Paralel devletin hüküm sürdüğü dönemde bir bürokrat bana: “şu gördüğün korumalar var ya bunların asıl görevi mensubu oldukları örgüt adına beni gözetim ve denetim altında tutmaktır. Beni korumak görünümü altında gün boyu yaptıklarımı örgütlerine rapor ediyorlar. ‘Koruma’ dedikleri aslında kontrol altında tutmaktır. Memleket yararına ama örgütleri aleyhine olacak en ufak bir icraatımın bana neye mal olacağını çok iyi biliyorum.” Demişti.

Türkiye 1952 yılından beri sözde NATO koruması, gerçekte kontrol denetimi altındadır. Bu güne kadar NATO’nun korumasına dair bir icraatına şahit olmadık. NATO’nun bizi korumak gibi bir derdinin olmadığını 5 Haziran 1964 yılında Amerika başkanı Johnson’un İnönü’ye gönderdiği mektuptan net olarak anlaşılmaktadır. O mektupta Kıbrıs’a müdahale edildiği taktirde Sovyetler’e karşı NATO’nun 5. Maddesinin işletilmeyeceği ve Türkiye’ye verilmiş bulunan askeri malzemenin kullanılmasına izin verilmeyeceği belirtilmiştir. Bu onur kırıcı aşağılayıcı mektuba karşılık Başbakan İnönü şöyle bir cümle sarfetmiştir: “Yeni bir dünya kurulur, Türkiye de o dünyada yerini alır.”

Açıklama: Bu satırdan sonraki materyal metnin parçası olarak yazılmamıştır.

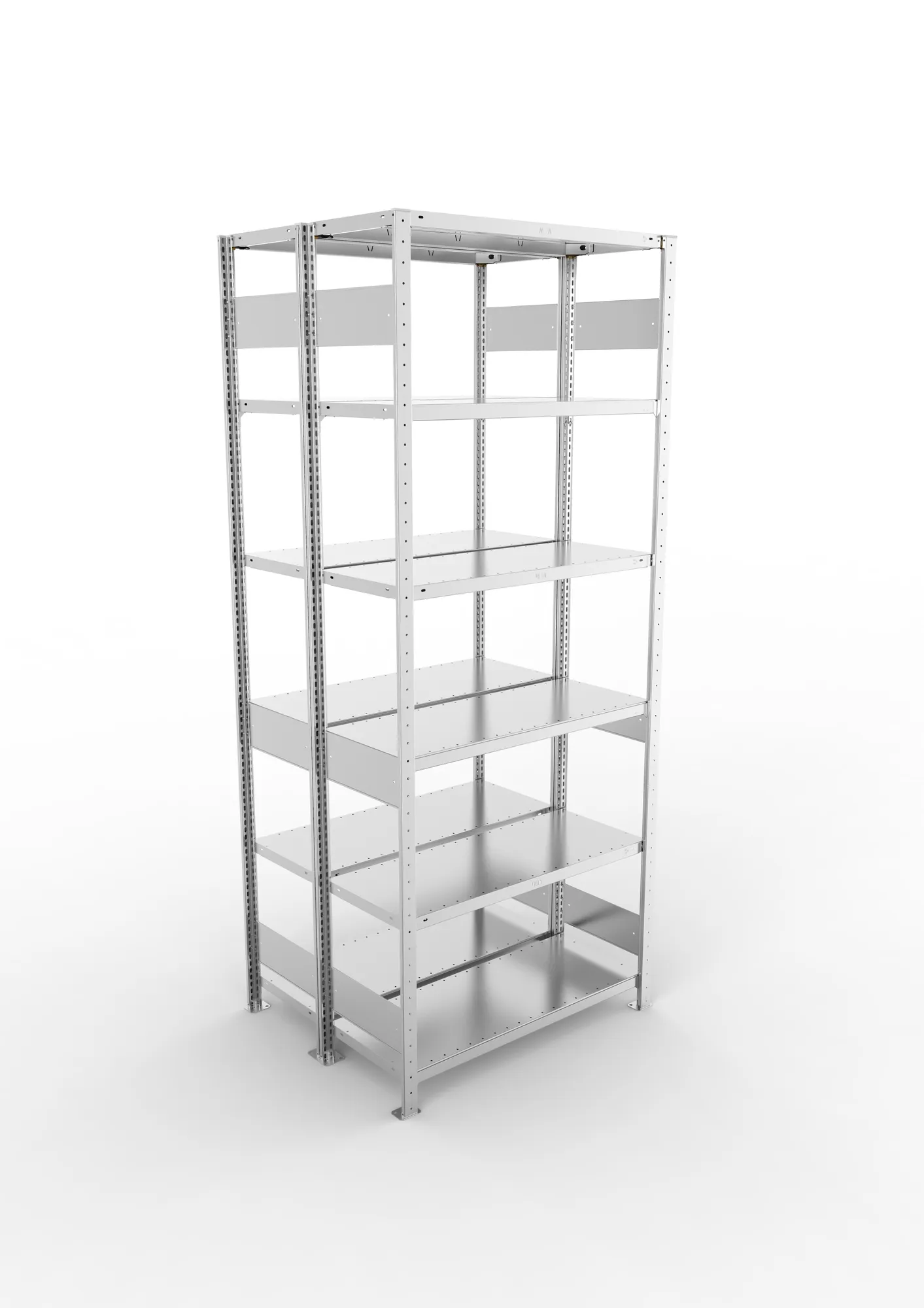 META CLIP S3, Fachbodenregal, Doppel-Grundregal, 2500 x 1000 x 400 mm, Fachlast 150 kg, 6 Ebenen, Längsriegel, verzinkt – Ansicht von oben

Yeni bir dünya için Merhum Erbakanın D 8 girişiminden başka bir teşebbüs olmamıştır. Amerikan üsleri ilk defa O’nun tarafından kapatılmıştır. Erbakanın bu girişimleri partisinin parçalanması ve kendisinin hapsedilmesi ile sonuçlanmıştır.

Türkiye üyesi olduğu bu savunma teşkilatının patronları olan ABD ve İngiltere’nin murakabe ve denetimi hatta fiili esareti altındadır. Başta sınır komşuları olmak üzere dış politikasının tamamında patronlara bağımlı hareket etmek mecburiyetinde bırakılmaktadır. Dini ve milli çıkarlarımız Irak ve Suriye halkının yanında durmamızı gerektirdiği halde Irak’ın Amerika ve İngiltere tarafından talanına destek olmak zorunda kaldık. 1 Mart tezkeresini meclisten geçirmesek de başta incirlik olmak üzere Amerika üslerini emperyalizmin hizmetine sunduk. Suriye’nin parçalanmasına ve İsrail için kolay lokma olmasına yardımcı olduk.

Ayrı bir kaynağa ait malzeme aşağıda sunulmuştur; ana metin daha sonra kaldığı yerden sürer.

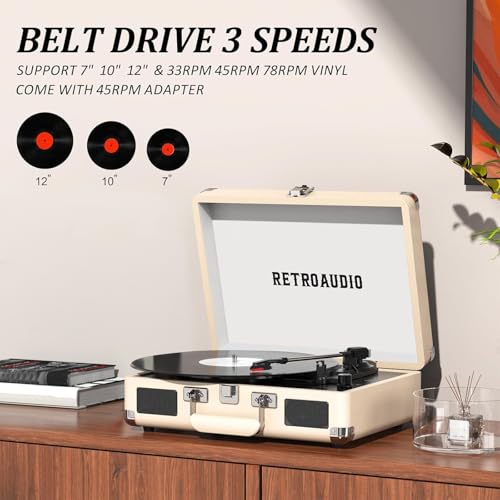 Image of RetroAudio Portable Bluetooth Vintage Vinyl Record Player Turntable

ABD ve İngiltere bir yandan gölge vali gibi hareket eden büyük elçileri  bir yandan nüfuz ettikleri askeri ve sivil bürokrasi diğer yandan kontrol ettikleri beşinci güç olan medya vasıtası ile hükümetlerimizi sağcı, solcu, ‘İslamcı’ ayrımı yapmadan kendi politikalarına hizmet ettirmektedirler.

Türkiye, Aksa Tufanı sonrası Gazze’de yaşananan katliamlar karşısındaki çaresizliğini iliklerine kadar yaşamıştır. Türkiye’nin bu onur kırıcı zilletten kurtulması gerekir. Bunun yolu hiç zaman kaybetmeden NATO’dan çıkmak Amerikan üslerini kapatmaktan geçer. Kuşkusuz bunun hem iktidara hem de millete ağır maliyetleri olacaktır. İktidar bu bedeli ödemeye razı olmazsa halk onu iktidardan uzaklaştırma baskısı ile buna razı etmelidir.

Millet genel olarak bu zillet ortamından çıkış arıyorsa seçimlerde partilerin ABD ve NATO karşıtlığını öne çıkarmalı ve bu hayati meseleyi ekonomik kaygıların önüne geçirmelidir. Açlığa yoksulluğa razı olduğunu ama esarete asla razı olmadığını her fırsatta yönetime talip olanlara deklere etmelidir.

Siyasi ve ekonomik bağımsızlığı olmayan bir devlet esaret altındadır. Kendisi esaret altında olan birinden başka esirleri kurtarmasını beklemek abestir.

Dünyanın sayılı ordularından birine sahip olmamıza rağmen Yemen kadar Gazze’ye yardımcı olamayışımızın başka izahı var mı?!Yemen tam bağımsız olmasaydı İşgalciye füze fırlatabilir miydi?!

Bir ülke küresel emperyalizmin tasallutunda kurtulma iradesini ortaya koyduğunda kurtulmuş olanların tam desteğini alacağından kuşkumuz olmasın!